The present disclosure relates generally to semiconductor memory and methods and, more particularly, to apparatuses and methods associated with a stacked hybrid memory architecture.

A memory system can include one or more memory devices that store data. The memory devices can be, for example, non-volatile memory devices and volatile memory devices. The memory system can include one or more analog and/or digital circuits to facilitate operation of the memory system. In general, a host system can utilize a memory system to store data at the memory devices and to retrieve data from the memory devices.

Aspects of the present disclosure are directed to implementing a hybrid memory architecture that can be useful for artificial neural networks. A hybrid memory architecture, which may be referred to herein as a hybrid memory device, can include two or more types of memory devices that are bonded (e.g., in a stacked configuration). For example, a hybrid memory device can include a static random-access memory (SRAM) device and a dynamic random-access memory (DRAM) device that are bonded. The hybrid memory device can be utilized to implement an artificial neural network (ANN) such as a convolution neural network (CNN). For example, a DRAM device can store a plurality of weights associated with an artificial neural network. The SRAM device that is bonded to the DRAM device can receive, from the DRAM device through a plurality of through silicon vias (TSVs), the plurality of weights associated with the artificial neural network. The SRAM device can perform a plurality of operations utilizing the plurality of weights. The hybrid memory device can also include logic configured to perform a summation operation on a result of the plurality of operations to implement the ANN.

As used herein, ANNs including CNNs can provide learning by forming probability weight associations between an input and an output. The probability weight associations can be provided by a plurality of nodes that comprise the ANN. The nodes together with weights, biases, and activation functions can be used to generate an output of the ANN based on the input to the ANN. A plurality of nodes of the ANN can be grouped to form layers of the ANN.

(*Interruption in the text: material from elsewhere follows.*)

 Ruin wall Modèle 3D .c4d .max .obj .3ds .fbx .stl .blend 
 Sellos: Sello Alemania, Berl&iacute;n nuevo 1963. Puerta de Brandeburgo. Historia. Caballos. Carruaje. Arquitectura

As used herein, AI refers to the ability to improve an apparatus through “learning” such as by storing patterns and/or examples which can be utilized to take actions at a later time. Deep learning refers to a device's ability to learn from data provided as examples. Deep learning can be a subset of AI. Neural networks, among other types of networks, can be classified as deep learning. Improving the efficiency at which ANNs, including CNNs, are executed can improve a function of a memory device executing the ANN and the function of the device in which the memory device is implemented. For example, improving the latency, power consumption, and/or throughput of the memory device implementing the CNN can cause an improvement to the latency, power consumption, and/or throughput of a memory system.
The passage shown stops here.